Get Informed
Learn about solar energy and your health, the environment, property values and decommissioning.
Does solar or energy storage negatively impact our health?
No. People have been safely living and working around solar panels for decades. Solar energy emits no pollutants and the overall impact of solar on human health is overwhelmingly positive. In fact, studies have shown health-related air quality benefits from solar energy are worth even more than the electricity itself.1
Modern, photovoltaic (PV) solar panels are made of materials typical of those found in electronic equipment and are encased, so as not to pose a concern for the water supply or public health.2
Advanced energy storage utilizes primarily lithium ion batteries, similar to what you would find in your smart phone or laptop computer.

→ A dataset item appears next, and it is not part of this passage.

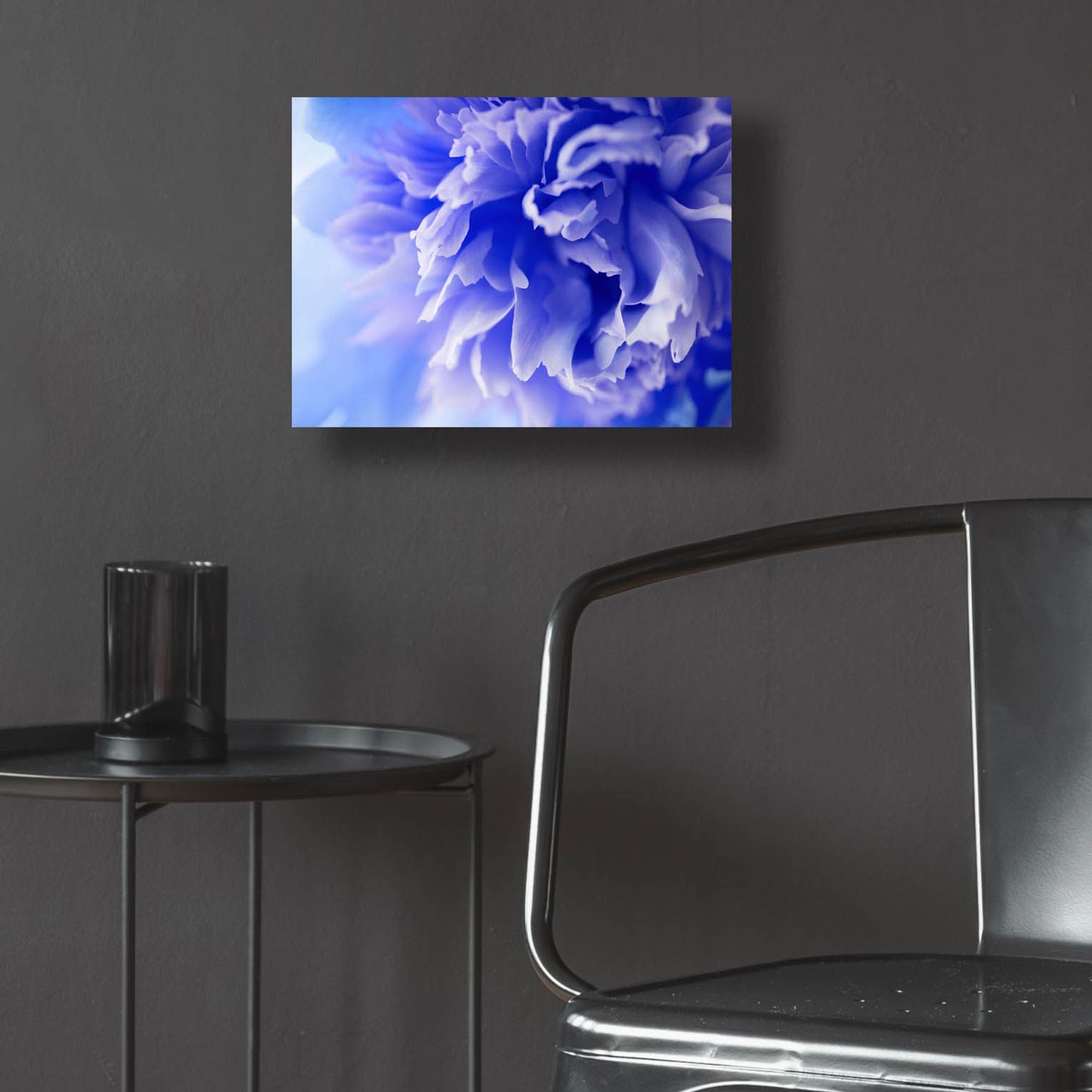 Epic Art 'Blue Flower' by Photoinc Studio, Acrylic Glass Wall Art,16x12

Energy storage systems have zero direct air and water impacts and a small footprint, and they can be deployed rapidly at multiple-megawatt scale.
Does a solar or energy storage project impact the environment?
Utilities across the country are increasingly selecting energy storage and renewable resources as a cost-effective and environmentally sustainable alternative to traditional sources of power generation.
No form of energy is free from environmental impact; however, solar energy has among the lowest impacts as it emits no air or water pollution.
Protecting wildlife and sensitive natural habitats is a priority for NextEra Energy Resources.
As part of our development process, we conduct thorough wildlife studies and ensure each site complies with all local, state and federal environmental regulations.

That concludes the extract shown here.